Work required:
The answer must consist solely of the lines from the opening line of the entries through the line with "A Serene Outdoor", transcribed exactly and without any pictures.

[Crawled caption data]
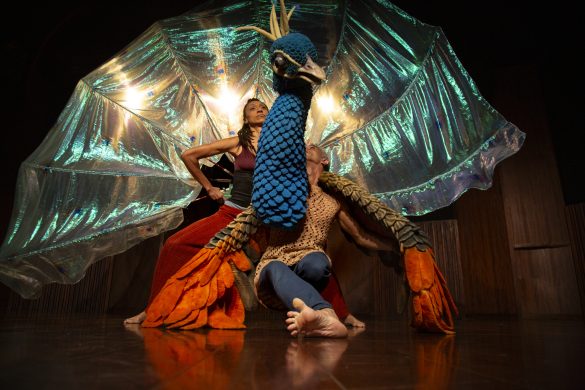 Alicia Peres - Pavão Misterioso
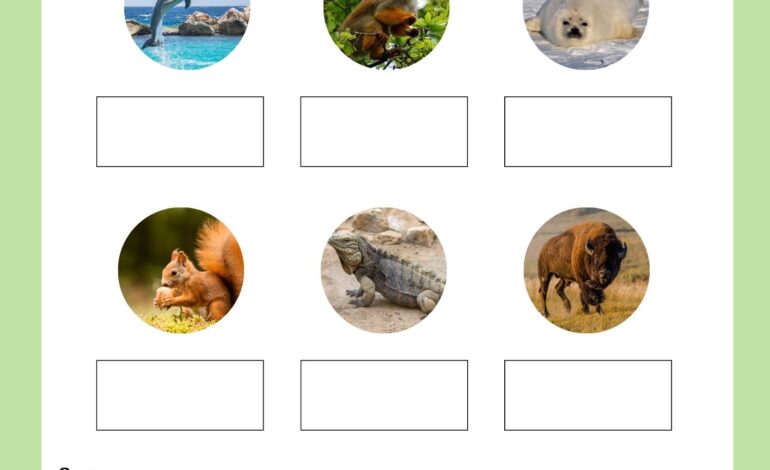  Animals and habitats – with worksheets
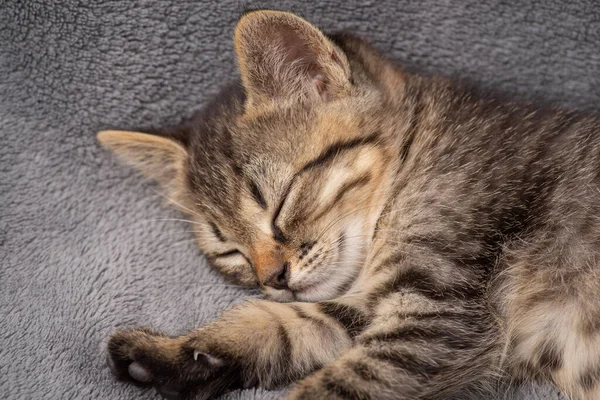 Adorable Little Kitten Sleeping Gray Plaid Striped Female Small Cat — Stock Fotó
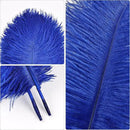 THARAHT Blue Ostrich Feathers 12pcs Natural Bulk 10-12Inch 25cm-30cm for Crafts Wedding Party Centerpieces Easter Gatsbi and Home Decoration Feathers by CozyNest Decor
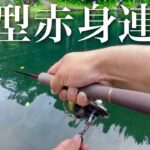 山奥の秘境の池には極上ブランドサーモンがウヨウヨ泳いでいる【エリアトラウト】【管理釣り場】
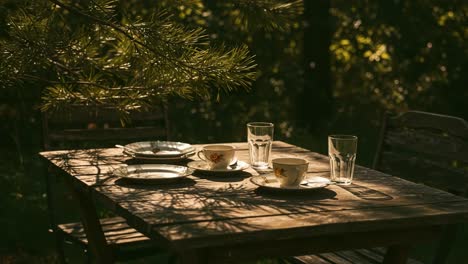 A Serene Outdoor Tea Setting with Delicate Floral Cups and Sparkling Glasses, Perfectly Captured in a Sun-Drenched Forest Ambiance
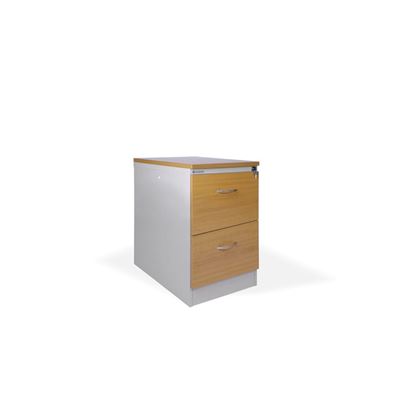 Obrázek Kartotéky kovové / čelo ze dřeva - RGD 12 CE / 2 zásuvky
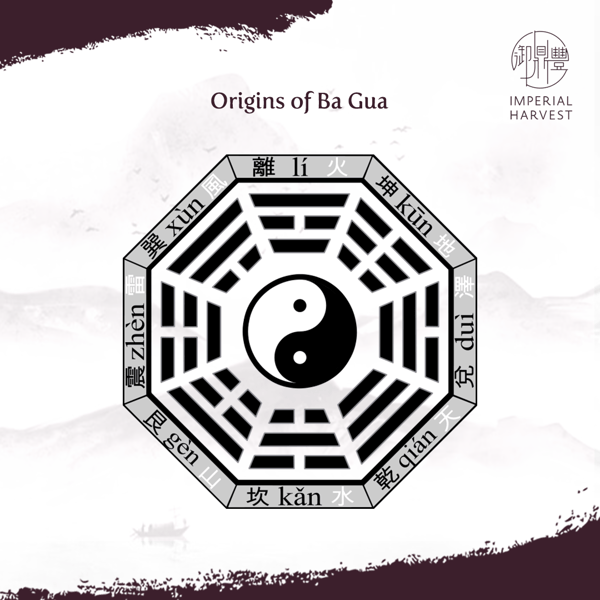 Origins of Ba Gua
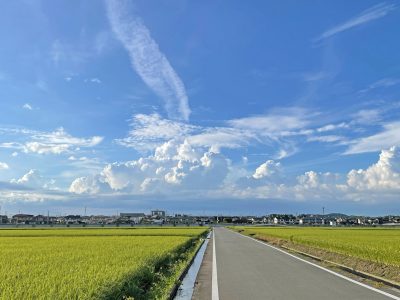 熊本県嘉島町の田んぼと田舎の風景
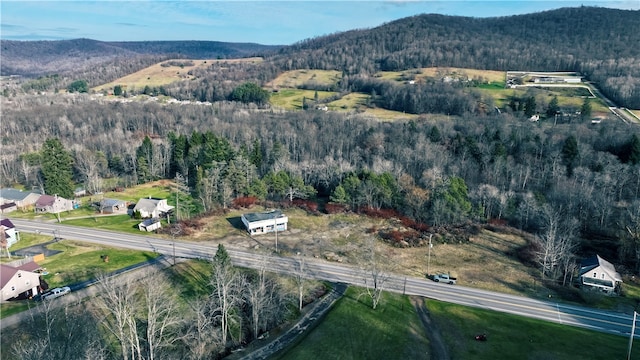 aerial view with a mountain view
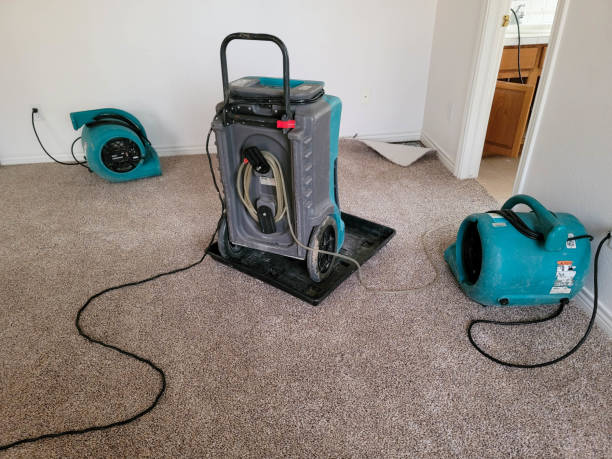 Best Water damage restoration near me  in North Middletown, NJ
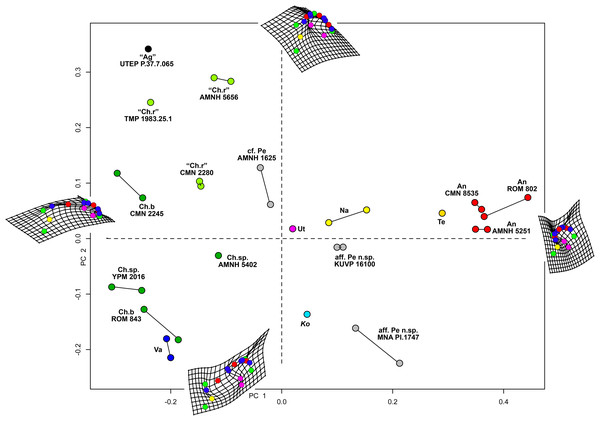 Morphometric analysis of chasmosaurine posterior parietals.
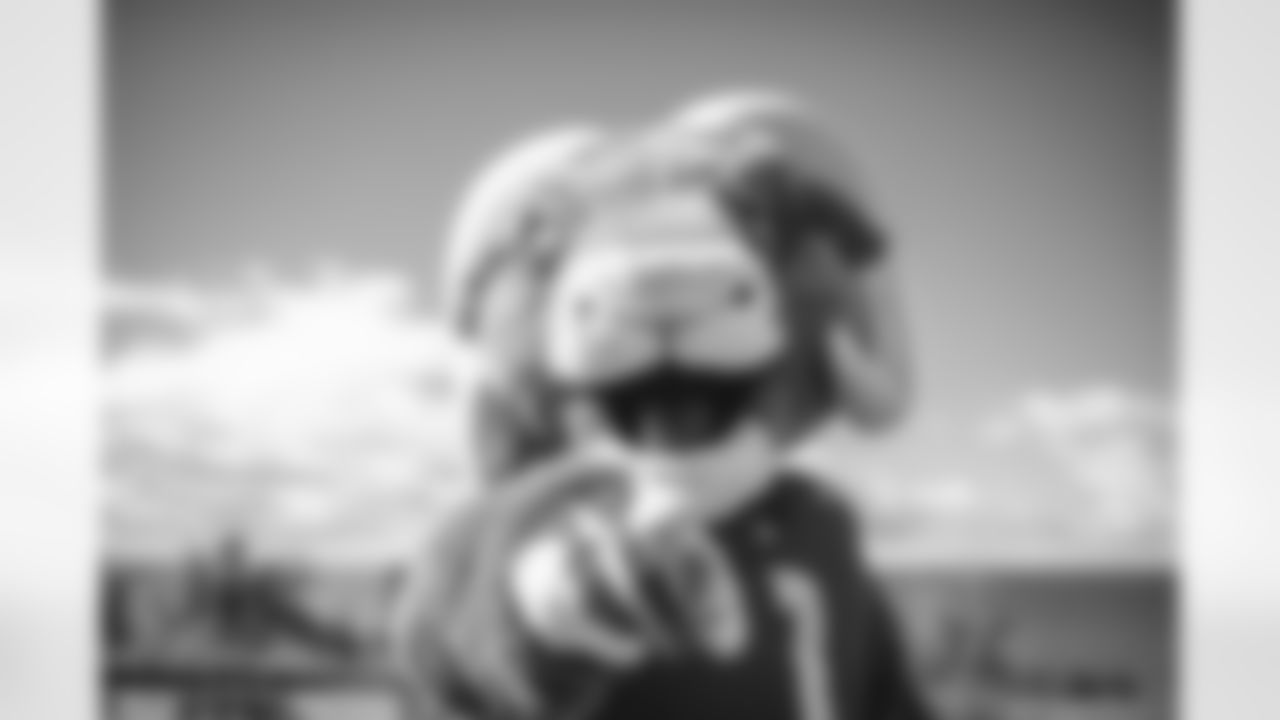 E_TOWL1589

Task response:
 Alicia Peres - Pavão Misterioso
  Animals and habitats – with worksheets
 Adorable Little Kitten Sleeping Gray Plaid Striped Female Small Cat — Stock Fotó
 THARAHT Blue Ostrich Feathers 12pcs Natural Bulk 10-12Inch 25cm-30cm for Crafts Wedding Party Centerpieces Easter Gatsbi and Home Decoration Feathers by CozyNest Decor
 山奥の秘境の池には極上ブランドサーモンがウヨウヨ泳いでいる【エリアトラウト】【管理釣り場】
 A Serene Outdoor Tea Setting with Delicate Floral Cups and Sparkling Glasses, Perfectly Captured in a Sun-Drenched Forest Ambiance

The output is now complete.